One such patient would be someone experiencing cardiogenic shock, the leading cause of
death for patients hospitalized due to heart attacks. As demonstrated by the NHLBI's SHOCK
Trial, heart attack patients who received revascularization immediately after developing cardiogenic
shock were significantly more likely to be alive one year after their heart attacks than were those who
developed cardiogenic shock but did not receive the procedure. Therefore, the American College of Cardiology
and the American Heart Association recommend revascularization for patients younger
than 75 years who develop cardiogenic shock within 36 hours of a heart attack.
Due to recent advances in magnetic resonance imaging (MRI) technologies, physicians may
soon be able to identify other people for whom the risks of these invasive procedures outweigh
the benefits. For example, a new MRI technique using contrast agents helps distinguish between
patients with irreversibly damaged left ventricles and those in whom damage can be reversed by
revascularization.
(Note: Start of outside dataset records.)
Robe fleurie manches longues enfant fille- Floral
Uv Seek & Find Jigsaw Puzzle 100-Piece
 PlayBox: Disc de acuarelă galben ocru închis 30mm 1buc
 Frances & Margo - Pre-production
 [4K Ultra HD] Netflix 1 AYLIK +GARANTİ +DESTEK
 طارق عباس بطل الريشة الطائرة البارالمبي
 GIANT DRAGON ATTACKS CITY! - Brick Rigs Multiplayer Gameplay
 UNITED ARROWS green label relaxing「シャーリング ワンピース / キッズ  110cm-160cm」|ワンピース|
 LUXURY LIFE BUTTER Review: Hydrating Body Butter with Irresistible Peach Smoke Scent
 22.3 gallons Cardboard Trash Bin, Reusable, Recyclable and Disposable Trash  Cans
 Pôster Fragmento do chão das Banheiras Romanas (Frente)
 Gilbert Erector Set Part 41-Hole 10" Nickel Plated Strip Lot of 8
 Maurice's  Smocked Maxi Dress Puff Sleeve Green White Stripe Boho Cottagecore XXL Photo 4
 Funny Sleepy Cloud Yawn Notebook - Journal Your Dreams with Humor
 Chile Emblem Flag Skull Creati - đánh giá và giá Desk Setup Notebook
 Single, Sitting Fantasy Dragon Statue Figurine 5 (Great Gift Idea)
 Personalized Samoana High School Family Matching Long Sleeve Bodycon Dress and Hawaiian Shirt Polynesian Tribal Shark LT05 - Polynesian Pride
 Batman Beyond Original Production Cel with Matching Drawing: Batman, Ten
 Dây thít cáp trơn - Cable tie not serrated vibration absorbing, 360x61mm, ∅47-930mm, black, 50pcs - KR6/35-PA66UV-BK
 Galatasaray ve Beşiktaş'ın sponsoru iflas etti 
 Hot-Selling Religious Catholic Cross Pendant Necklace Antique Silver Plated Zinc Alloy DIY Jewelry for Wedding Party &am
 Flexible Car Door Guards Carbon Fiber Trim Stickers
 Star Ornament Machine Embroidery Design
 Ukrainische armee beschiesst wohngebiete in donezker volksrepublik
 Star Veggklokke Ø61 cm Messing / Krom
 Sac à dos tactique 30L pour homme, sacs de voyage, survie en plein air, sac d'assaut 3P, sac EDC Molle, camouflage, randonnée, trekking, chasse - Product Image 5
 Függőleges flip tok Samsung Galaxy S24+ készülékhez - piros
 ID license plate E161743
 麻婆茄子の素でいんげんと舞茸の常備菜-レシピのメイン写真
Moreover, the technique is powerful enough to identify damaged tissue even in
patients who are not aware that they had ever experienced a heart attack.
Long-Acting Beta-Agonists not as Effective as Inhaled Corticosteroids in Treating Persistent Asthma
Researchers recently completed two studies addressing whether long-acting beta-agonists (LABs)
should replace or supplement inhaled corticosteroids (ICS) as treatment for adults with mild-to-moderate
persistent asthma. The results, published in the May 23, 2001 issue of the Journal of the American Medical
Association, showed that LABs alone are not as effective as ICS alone in treating adults with mild-to-moderate
persistent asthma. However, many patients with asthma were treated successfully with lower doses of
steroids if they also took LABs. In a statement announcing the results Dr. Lenfant said "These two
studies provide new and important scientific information about treatment questions that clinicians
face every day in managing adult patients with mild-to-moderate persistent asthma: can they switch
patients to long-acting beta-agonists from inhaled corticosteroids
or use long-acting beta-agonists to reduce steroid doses? Now we have the answer."